GCD & LCM Calculator

Calculate GCD and LCM with Euclidean algorithm visualization

Two Numbers

Method:

Multiple Numbers

Related Formulas

GCD × LCM Product Property:
GCD(a, b) × LCM(a, b) = a × b
LCM from GCD:
LCM(a, b) = (a × b) / GCD(a, b)
Bézout's Identity:
For any integers a, b, there exist integers x, y such that:
a × x + b × y = GCD(a, b)
Coprime (Relatively Prime):
GCD(a, b) = 1 means a and b share no common factors

Help

What is GCD?

The Greatest Common Divisor (GCD) is the largest positive integer that divides all given numbers without remainder.

Example: GCD(12, 18) = 6 because 6 is the largest number that divides both 12 and 18.

What is LCM?

The Least Common Multiple (LCM) is the smallest positive integer that is divisible by all given numbers.

Example: LCM(12, 18) = 36 because 36 is the smallest number divisible by both 12 and 18.

How does the Euclidean Algorithm work?

The Euclidean algorithm repeatedly replaces the larger number with the remainder of dividing the larger by the smaller, until the remainder is 0.

Steps for GCD(48, 18):

  1. 48 = 18 × 2 + 12
  2. 18 = 12 × 1 + 6
  3. 12 = 6 × 2 + 0
  4. GCD = 6 (last non-zero remainder)
What is the Extended Euclidean Algorithm?

The Extended Euclidean Algorithm finds integers x and y (Bézout coefficients) such that:

a × x + b × y = GCD(a, b)

This is used in cryptography, modular arithmetic, and solving Diophantine equations.

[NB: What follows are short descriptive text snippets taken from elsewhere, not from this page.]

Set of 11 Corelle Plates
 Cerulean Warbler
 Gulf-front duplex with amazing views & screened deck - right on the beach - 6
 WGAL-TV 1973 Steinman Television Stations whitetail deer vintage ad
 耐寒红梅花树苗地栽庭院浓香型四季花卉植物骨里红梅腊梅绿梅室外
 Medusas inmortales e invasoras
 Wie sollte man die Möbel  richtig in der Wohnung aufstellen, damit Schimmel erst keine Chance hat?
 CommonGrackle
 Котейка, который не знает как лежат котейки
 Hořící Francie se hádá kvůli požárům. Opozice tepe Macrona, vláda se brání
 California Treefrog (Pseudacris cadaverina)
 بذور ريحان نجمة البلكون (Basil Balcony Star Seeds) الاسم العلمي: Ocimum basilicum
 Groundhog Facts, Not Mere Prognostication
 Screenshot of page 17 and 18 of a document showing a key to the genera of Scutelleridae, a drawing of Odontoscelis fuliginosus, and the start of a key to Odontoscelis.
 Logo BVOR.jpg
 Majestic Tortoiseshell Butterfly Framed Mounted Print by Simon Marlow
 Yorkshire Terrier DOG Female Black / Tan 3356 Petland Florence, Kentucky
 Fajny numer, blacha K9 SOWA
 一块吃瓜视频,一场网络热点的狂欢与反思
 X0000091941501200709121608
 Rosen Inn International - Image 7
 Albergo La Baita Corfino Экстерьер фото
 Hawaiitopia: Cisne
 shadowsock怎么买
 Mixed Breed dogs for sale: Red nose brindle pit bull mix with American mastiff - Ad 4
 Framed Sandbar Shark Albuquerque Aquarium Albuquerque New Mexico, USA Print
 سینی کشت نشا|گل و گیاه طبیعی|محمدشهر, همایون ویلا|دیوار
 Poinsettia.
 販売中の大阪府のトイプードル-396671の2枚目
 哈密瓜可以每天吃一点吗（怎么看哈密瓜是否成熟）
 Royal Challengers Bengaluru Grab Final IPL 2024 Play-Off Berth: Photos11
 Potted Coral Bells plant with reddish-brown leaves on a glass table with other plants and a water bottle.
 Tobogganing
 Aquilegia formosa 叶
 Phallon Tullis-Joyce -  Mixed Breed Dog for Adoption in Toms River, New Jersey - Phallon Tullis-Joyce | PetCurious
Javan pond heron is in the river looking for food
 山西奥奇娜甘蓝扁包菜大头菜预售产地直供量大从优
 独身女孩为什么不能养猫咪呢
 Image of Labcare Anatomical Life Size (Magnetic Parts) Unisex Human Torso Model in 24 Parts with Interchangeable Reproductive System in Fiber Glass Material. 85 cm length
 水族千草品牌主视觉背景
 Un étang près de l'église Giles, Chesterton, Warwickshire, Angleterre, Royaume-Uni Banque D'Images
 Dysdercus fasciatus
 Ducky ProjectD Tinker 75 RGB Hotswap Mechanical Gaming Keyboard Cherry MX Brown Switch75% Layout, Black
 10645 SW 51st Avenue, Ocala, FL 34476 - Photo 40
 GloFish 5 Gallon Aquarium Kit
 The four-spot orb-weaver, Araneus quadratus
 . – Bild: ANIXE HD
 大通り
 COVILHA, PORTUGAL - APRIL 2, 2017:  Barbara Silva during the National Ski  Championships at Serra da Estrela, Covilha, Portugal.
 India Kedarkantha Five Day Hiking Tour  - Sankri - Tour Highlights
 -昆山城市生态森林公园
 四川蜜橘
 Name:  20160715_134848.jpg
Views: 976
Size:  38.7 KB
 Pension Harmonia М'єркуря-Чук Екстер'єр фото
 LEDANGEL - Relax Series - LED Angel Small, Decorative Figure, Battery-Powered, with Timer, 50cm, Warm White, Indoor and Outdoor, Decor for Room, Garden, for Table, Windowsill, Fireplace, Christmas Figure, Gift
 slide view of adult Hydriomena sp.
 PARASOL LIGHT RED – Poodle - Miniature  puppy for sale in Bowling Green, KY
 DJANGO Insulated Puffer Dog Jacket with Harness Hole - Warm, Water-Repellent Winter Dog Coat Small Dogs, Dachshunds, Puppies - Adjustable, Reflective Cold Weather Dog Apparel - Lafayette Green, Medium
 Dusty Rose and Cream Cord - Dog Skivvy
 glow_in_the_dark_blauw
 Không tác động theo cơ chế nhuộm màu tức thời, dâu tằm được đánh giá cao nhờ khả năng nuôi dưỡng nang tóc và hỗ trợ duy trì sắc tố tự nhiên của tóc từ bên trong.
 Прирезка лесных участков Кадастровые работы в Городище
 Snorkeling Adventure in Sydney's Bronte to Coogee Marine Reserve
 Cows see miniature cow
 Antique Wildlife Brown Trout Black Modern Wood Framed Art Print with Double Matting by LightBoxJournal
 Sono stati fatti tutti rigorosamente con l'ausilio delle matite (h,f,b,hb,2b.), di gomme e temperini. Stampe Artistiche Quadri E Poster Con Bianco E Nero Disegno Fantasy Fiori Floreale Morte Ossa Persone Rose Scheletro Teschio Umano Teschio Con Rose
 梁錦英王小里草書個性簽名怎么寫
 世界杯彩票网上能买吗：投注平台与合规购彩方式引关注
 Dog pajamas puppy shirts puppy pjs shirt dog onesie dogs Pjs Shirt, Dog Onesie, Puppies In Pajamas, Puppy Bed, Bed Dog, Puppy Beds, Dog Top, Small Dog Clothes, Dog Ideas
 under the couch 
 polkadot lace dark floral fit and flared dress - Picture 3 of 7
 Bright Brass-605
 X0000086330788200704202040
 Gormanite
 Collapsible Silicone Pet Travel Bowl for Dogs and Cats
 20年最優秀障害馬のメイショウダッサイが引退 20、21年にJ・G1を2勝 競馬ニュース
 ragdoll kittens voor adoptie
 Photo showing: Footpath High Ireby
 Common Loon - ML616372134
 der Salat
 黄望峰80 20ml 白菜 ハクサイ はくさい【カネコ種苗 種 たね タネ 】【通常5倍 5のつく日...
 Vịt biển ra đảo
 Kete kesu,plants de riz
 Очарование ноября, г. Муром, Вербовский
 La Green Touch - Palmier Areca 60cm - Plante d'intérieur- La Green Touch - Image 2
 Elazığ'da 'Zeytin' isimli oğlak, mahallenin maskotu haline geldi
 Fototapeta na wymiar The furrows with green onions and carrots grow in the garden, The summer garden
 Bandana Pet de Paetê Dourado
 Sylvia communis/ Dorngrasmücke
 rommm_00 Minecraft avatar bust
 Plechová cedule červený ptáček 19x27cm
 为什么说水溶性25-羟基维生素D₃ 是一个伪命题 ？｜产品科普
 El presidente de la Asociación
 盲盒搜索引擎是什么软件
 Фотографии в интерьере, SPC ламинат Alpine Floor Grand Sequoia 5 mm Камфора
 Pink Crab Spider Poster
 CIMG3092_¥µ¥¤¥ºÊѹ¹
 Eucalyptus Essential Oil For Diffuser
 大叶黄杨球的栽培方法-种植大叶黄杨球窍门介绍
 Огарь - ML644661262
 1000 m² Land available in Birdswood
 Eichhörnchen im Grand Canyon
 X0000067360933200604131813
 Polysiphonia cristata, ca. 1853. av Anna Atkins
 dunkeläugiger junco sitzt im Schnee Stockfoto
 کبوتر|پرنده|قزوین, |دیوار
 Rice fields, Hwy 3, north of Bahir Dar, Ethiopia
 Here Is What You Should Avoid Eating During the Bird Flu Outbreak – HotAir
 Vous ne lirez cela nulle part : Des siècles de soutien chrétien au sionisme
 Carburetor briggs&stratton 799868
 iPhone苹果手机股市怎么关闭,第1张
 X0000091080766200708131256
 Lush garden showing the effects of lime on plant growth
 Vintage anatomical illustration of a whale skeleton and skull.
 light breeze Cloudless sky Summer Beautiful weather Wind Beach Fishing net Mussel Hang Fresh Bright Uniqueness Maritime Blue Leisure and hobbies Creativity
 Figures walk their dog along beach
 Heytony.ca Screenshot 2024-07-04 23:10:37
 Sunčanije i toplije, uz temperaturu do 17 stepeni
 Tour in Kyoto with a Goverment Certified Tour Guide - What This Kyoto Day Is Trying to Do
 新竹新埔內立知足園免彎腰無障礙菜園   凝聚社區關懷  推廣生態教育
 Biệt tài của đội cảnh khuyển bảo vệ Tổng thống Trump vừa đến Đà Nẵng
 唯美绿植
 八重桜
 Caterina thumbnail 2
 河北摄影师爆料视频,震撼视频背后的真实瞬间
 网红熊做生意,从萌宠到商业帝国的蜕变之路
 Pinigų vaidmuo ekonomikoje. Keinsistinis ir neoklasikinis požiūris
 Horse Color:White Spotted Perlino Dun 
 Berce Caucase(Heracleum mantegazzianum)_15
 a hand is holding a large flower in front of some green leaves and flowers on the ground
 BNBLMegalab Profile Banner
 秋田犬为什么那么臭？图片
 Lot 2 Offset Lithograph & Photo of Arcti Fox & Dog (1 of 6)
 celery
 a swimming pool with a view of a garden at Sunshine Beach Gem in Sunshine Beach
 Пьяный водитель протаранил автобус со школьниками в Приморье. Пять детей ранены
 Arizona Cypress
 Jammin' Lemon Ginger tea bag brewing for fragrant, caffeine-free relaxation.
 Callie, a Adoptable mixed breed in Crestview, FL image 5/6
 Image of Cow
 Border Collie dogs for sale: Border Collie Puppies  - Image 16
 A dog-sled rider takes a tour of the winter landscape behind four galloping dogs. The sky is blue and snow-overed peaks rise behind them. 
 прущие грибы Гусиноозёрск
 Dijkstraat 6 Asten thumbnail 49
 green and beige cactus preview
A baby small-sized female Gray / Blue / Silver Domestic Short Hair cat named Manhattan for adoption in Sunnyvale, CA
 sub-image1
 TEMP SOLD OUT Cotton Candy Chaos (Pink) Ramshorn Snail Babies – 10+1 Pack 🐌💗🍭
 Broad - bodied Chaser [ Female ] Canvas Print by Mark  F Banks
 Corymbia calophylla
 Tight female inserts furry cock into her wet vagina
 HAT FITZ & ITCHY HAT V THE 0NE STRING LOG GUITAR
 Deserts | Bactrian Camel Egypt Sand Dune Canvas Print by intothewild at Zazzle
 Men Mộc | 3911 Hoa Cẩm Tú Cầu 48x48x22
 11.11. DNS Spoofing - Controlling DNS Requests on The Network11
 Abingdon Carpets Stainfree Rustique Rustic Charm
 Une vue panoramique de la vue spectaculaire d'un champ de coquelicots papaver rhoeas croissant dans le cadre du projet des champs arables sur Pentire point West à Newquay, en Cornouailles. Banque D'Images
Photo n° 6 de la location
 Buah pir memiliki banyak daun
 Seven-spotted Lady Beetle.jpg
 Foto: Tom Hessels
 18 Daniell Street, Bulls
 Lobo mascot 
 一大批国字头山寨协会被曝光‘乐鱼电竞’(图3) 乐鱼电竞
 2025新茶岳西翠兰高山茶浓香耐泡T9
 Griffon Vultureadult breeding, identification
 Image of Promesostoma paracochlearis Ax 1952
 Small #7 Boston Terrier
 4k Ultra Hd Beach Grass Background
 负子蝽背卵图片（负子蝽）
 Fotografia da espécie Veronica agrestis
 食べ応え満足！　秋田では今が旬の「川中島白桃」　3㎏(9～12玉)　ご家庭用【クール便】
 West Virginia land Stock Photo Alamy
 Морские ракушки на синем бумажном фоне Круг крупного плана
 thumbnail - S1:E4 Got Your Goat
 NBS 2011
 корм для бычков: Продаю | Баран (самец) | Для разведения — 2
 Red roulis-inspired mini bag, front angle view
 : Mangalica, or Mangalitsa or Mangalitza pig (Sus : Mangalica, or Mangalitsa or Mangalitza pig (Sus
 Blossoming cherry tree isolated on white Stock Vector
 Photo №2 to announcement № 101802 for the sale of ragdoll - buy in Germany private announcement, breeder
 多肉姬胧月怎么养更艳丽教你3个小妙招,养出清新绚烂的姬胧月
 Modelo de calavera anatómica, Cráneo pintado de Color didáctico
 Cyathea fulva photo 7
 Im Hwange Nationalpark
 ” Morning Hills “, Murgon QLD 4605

What is the Binary GCD Algorithm?

Also known as Stein's algorithm, it computes GCD using bit operations (shift and subtract) instead of division, making it faster on modern computers.

It uses the properties:

  • GCD(a, a) = a
  • GCD(2a, 2b) = 2 × GCD(a, b)
  • GCD(2a, b) = GCD(a, b) if b is odd
  • GCD(a, b) = GCD(|a-b|, min(a,b)) if both odd
How to calculate GCD/LCM of multiple numbers?

Apply the algorithm iteratively:

GCD(a, b, c) = GCD(GCD(a, b), c)

LCM(a, b, c) = LCM(LCM(a, b), c)

Both GCD and LCM are associative, so the order doesn't matter.